American recording artist and humanitarian Alicia Keys believes a change is coming, as people in both Canada and the United States wake up to the fight against inequality and injustice.
"There's a veil that's lifted so we're not able to say any more, 'I didn't know that,' " she said Saturday in Montreal, where she was honoured for her activism.
The 15-time Grammy winner received Amnesty International's "Ambassador of Conscience" award, which she shared with members of Canada's indigenous rights movement.
The award is presented each year to an artist and an activist who have stood up to injustice, inspired others and furthered the cause of human rights.
In an interview with The Canadian Press, Keys said she sees similarities between the struggle of indigenous communities in Canada and that of communities fighting for equal treatment in the United States.
"If an indigenous person is killed there's no coverage on the news," she said. "It's similar in America, where if a brown or a black person is killed there's much less coverage."
"You start to see how our struggles and the issues we all care about are similar no matter where we live and I think that's bringing us together so much more, as humanity, as people," she continued.
Keys, who shot to fame as a songwriter and R&B artist, is known for her philanthropic work, including as co-founder of "Keep a Child Alive," a non-profit providing treatment and care to families affected by HIV in Africa and India.
She also co-founded a group that encourages young people to mobilize for change and speak out on issues such as gun violence and criminal justice reform.

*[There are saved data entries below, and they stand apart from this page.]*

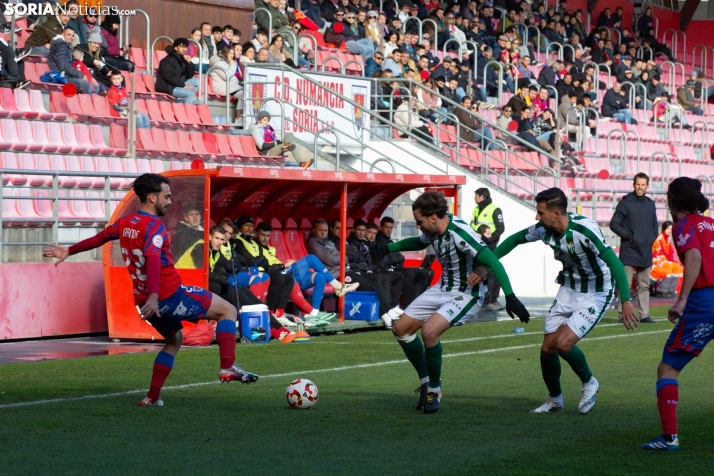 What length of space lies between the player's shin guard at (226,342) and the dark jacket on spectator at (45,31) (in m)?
10.8

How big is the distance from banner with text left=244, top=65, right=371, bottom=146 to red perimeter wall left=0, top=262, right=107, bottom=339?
6.12 meters

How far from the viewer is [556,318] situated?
898 cm

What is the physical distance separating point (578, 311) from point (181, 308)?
294cm

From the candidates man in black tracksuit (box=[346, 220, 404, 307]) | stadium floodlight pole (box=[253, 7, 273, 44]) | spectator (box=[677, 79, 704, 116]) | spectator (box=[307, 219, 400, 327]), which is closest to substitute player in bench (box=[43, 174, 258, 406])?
spectator (box=[307, 219, 400, 327])

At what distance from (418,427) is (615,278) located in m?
1.87

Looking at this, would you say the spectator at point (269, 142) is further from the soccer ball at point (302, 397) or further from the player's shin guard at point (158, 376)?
the soccer ball at point (302, 397)

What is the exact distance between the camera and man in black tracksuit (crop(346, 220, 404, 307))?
17.0 m

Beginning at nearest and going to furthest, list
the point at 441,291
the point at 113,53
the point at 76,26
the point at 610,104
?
the point at 441,291 → the point at 76,26 → the point at 113,53 → the point at 610,104

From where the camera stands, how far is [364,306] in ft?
54.4

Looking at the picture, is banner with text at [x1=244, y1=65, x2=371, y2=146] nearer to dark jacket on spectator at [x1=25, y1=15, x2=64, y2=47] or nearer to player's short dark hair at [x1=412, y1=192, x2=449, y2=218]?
dark jacket on spectator at [x1=25, y1=15, x2=64, y2=47]

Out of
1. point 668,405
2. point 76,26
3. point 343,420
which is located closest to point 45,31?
point 76,26

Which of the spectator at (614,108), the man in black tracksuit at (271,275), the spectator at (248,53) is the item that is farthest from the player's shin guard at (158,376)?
the spectator at (614,108)

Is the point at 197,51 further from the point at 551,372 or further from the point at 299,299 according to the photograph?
the point at 551,372

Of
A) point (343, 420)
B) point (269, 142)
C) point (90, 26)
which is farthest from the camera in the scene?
point (269, 142) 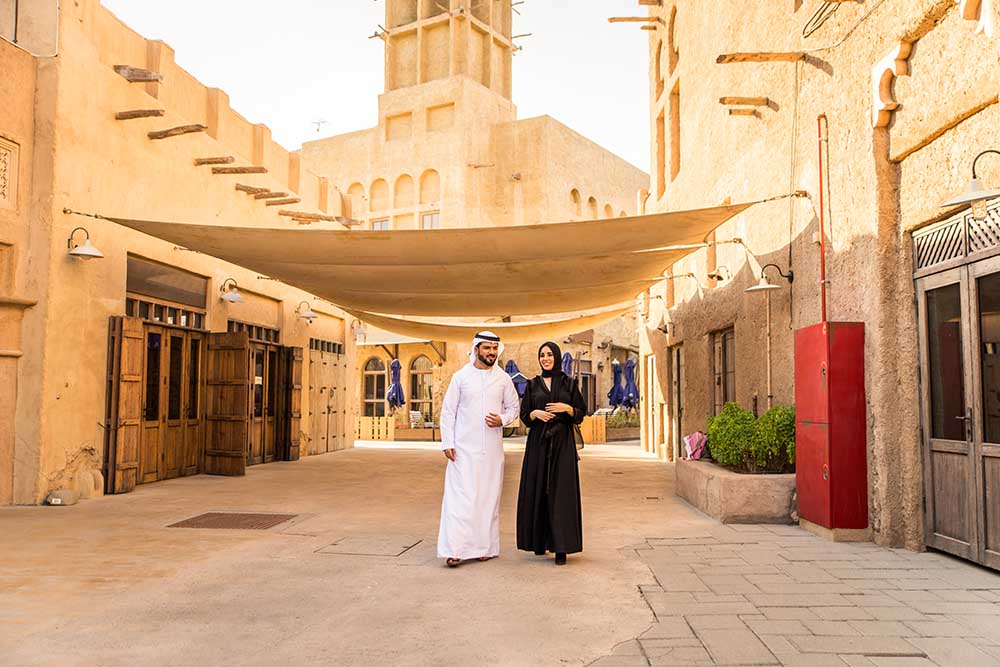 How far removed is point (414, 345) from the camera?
21.9 m

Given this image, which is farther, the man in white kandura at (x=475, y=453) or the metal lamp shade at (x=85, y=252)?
the metal lamp shade at (x=85, y=252)

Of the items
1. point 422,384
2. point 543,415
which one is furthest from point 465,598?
point 422,384

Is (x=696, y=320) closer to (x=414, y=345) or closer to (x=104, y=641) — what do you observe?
(x=104, y=641)

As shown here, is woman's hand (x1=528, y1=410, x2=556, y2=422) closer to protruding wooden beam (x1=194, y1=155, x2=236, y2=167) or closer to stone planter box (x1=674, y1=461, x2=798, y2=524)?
stone planter box (x1=674, y1=461, x2=798, y2=524)

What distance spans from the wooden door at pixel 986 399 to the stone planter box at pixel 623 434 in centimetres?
1584

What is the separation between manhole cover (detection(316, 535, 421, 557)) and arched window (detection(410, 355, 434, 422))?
1593 cm

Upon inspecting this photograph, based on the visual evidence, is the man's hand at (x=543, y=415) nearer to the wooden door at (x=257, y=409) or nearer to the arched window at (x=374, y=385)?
the wooden door at (x=257, y=409)

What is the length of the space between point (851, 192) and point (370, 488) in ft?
18.9

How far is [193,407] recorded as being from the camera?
397 inches

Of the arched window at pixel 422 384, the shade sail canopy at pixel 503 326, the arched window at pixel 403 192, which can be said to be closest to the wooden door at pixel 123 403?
the shade sail canopy at pixel 503 326

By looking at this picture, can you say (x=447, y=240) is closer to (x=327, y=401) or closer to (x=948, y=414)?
(x=948, y=414)

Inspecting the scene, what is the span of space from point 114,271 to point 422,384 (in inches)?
554

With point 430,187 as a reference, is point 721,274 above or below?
below

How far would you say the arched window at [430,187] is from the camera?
23.3 metres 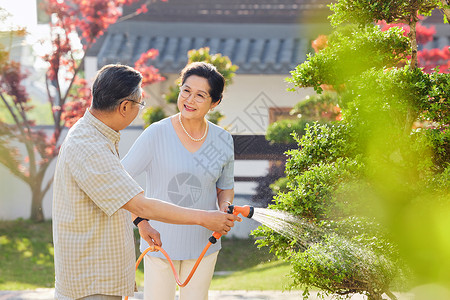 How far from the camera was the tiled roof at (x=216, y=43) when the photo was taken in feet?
29.6

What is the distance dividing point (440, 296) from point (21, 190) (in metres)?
6.82

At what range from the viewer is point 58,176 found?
7.93ft

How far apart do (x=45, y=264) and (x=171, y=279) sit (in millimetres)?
4065

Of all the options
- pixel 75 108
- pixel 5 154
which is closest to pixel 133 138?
pixel 75 108

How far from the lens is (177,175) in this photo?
317 cm

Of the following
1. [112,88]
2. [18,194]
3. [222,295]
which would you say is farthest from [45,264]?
[112,88]

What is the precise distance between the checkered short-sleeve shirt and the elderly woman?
635 mm

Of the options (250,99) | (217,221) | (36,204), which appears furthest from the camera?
(250,99)

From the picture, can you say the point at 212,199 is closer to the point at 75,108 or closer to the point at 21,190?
the point at 75,108

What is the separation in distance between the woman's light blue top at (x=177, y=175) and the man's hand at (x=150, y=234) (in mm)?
50

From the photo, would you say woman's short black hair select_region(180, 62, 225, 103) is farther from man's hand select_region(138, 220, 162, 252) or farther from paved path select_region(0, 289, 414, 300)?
paved path select_region(0, 289, 414, 300)

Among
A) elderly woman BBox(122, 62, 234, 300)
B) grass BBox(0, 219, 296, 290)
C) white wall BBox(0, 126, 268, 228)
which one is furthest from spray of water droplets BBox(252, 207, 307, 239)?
white wall BBox(0, 126, 268, 228)

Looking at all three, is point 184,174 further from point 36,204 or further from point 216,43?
point 216,43

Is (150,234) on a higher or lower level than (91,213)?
lower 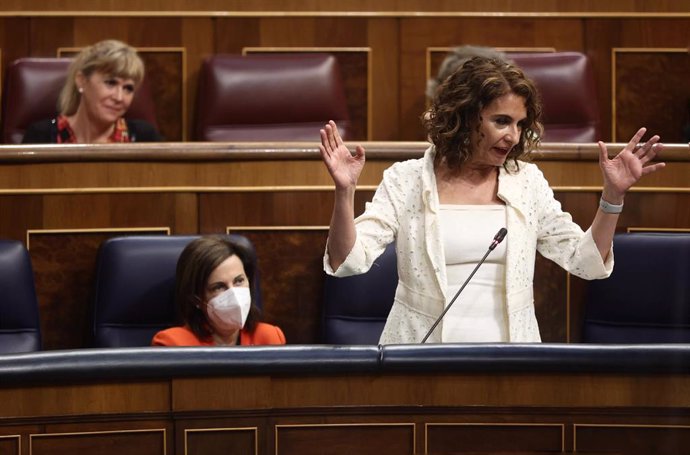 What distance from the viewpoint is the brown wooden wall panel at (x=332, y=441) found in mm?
692

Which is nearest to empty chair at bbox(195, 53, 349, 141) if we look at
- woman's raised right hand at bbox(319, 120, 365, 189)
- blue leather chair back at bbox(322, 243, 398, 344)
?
blue leather chair back at bbox(322, 243, 398, 344)

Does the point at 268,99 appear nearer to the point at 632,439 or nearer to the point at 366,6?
the point at 366,6

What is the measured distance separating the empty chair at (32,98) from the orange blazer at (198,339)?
1.63ft

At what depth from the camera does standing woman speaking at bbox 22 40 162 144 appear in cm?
133

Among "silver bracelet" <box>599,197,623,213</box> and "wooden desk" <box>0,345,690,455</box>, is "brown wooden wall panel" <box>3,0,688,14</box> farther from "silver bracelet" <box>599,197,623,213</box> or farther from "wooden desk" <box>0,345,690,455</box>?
"wooden desk" <box>0,345,690,455</box>

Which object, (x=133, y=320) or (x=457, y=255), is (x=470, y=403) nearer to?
(x=457, y=255)

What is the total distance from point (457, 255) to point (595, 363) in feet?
0.63

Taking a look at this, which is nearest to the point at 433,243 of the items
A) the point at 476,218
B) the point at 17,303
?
the point at 476,218

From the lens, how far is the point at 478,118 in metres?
0.88

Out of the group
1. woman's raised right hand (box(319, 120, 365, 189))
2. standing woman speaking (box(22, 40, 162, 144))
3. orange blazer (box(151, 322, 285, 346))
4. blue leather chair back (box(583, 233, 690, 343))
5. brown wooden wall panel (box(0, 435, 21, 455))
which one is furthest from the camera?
standing woman speaking (box(22, 40, 162, 144))

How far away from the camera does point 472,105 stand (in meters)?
0.88

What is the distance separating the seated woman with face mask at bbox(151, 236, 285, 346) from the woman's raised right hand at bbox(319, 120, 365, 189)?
214mm

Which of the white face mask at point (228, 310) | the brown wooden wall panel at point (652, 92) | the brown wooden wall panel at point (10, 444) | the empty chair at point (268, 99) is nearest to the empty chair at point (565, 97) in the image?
the brown wooden wall panel at point (652, 92)

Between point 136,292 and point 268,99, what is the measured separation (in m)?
0.44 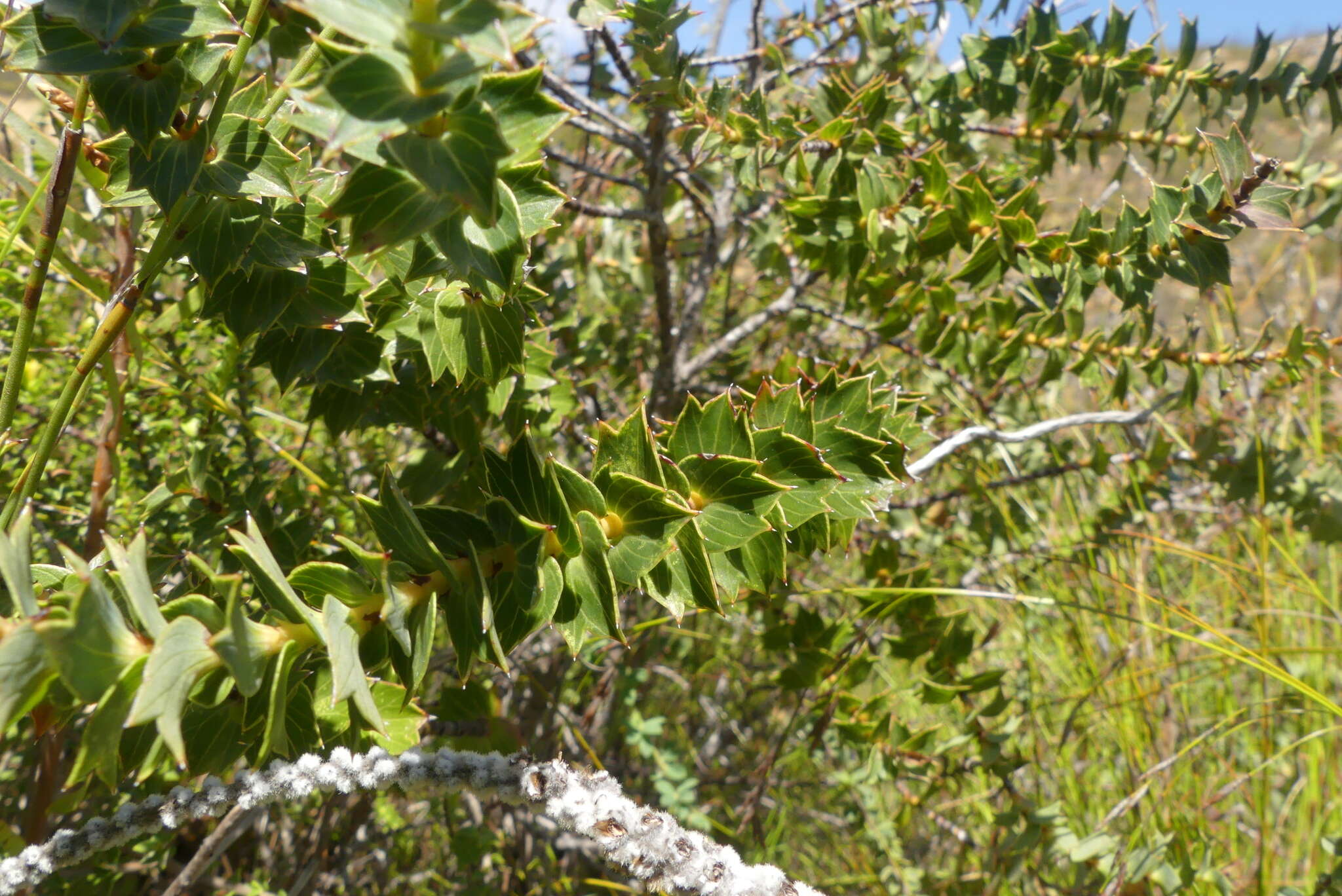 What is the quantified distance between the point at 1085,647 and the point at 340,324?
1.30 metres

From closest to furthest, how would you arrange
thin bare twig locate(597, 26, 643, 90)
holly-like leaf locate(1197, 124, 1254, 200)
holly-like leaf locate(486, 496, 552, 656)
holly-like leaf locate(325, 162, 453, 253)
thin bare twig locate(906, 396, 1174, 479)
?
holly-like leaf locate(325, 162, 453, 253) < holly-like leaf locate(486, 496, 552, 656) < holly-like leaf locate(1197, 124, 1254, 200) < thin bare twig locate(906, 396, 1174, 479) < thin bare twig locate(597, 26, 643, 90)

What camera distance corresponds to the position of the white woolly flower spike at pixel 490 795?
25.4 inches

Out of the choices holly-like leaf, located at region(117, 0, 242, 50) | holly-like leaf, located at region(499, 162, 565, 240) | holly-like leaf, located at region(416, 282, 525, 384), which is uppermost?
holly-like leaf, located at region(117, 0, 242, 50)

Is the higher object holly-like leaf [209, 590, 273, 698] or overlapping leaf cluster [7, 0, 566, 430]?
overlapping leaf cluster [7, 0, 566, 430]

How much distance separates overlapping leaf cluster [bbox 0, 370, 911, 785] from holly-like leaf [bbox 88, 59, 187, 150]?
0.31 m

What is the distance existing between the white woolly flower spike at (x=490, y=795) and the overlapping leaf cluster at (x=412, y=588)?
4 centimetres

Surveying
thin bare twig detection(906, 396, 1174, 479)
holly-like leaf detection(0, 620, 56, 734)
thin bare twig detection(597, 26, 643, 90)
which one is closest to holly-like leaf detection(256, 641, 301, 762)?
holly-like leaf detection(0, 620, 56, 734)

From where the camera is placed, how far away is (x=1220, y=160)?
0.90m

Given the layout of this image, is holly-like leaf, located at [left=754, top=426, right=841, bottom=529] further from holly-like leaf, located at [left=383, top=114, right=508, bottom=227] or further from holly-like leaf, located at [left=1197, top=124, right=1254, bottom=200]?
holly-like leaf, located at [left=1197, top=124, right=1254, bottom=200]

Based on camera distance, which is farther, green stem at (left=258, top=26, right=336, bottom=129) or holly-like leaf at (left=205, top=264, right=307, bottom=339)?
holly-like leaf at (left=205, top=264, right=307, bottom=339)

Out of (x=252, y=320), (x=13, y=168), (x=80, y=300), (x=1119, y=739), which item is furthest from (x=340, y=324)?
(x=1119, y=739)

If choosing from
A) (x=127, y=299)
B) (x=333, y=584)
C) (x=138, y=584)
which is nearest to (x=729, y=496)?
(x=333, y=584)

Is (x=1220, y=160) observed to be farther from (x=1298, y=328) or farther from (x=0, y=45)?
(x=0, y=45)

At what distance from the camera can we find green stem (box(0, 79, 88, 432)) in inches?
26.8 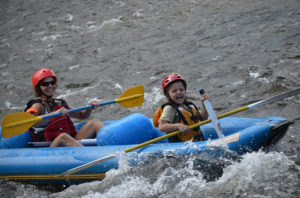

She said she believes people are increasingly aware of social inequality and are ready to do something to fight it.
"I do feel thoroughly confident that it's rising such a powerful energy among the people — us the people. We are really feeling how important it is to be vocal and to take our beliefs and what we see around us and not accept it as it is."
At a news conference ahead of the award ceremony, Keys said she was inspired by socially aware artists such as Nina Simone, Bob Dylan and Bob Marley, all of whom were able to use their art "as this beautiful vehicle to remind us of our own personal power."
Despite the problems in the U.S. and Canada, Keys stressed there's a lot to be praised about both countries.
"There are far more good things than negative things overall, and the health care in Canada, I have to say, is quite impressive," she said.
Alongside Keys, members of Canada's indigenous rights movement were also recognized for their fight to end discrimination and improve living conditions in indigenous communities.
On hand to accept the award were Quebec Idle No More founders Melissa Dupuis and Widia Lariviere, Inuk writer Delilah Saunders and activist Melanie Morrison.
Morrison, who has been a leader in the push for a national inquiry into missing and murdered indigenous women, said she was deeply touched to receive the award.
"It's amazing that the fight we're having across Canada on so many different issues is finally being taken notice of," she said.
Morrison said she hoped the award would pressure the Canadian government to "follow through on their promises to indigenous people" and act on issues such as problematic policing, the need for clean water on reserves and the lack of progress on the national inquiry.
Cindy Blackstock and Senator Murray Sinclair were also named as award recipients but did not attend the ceremony.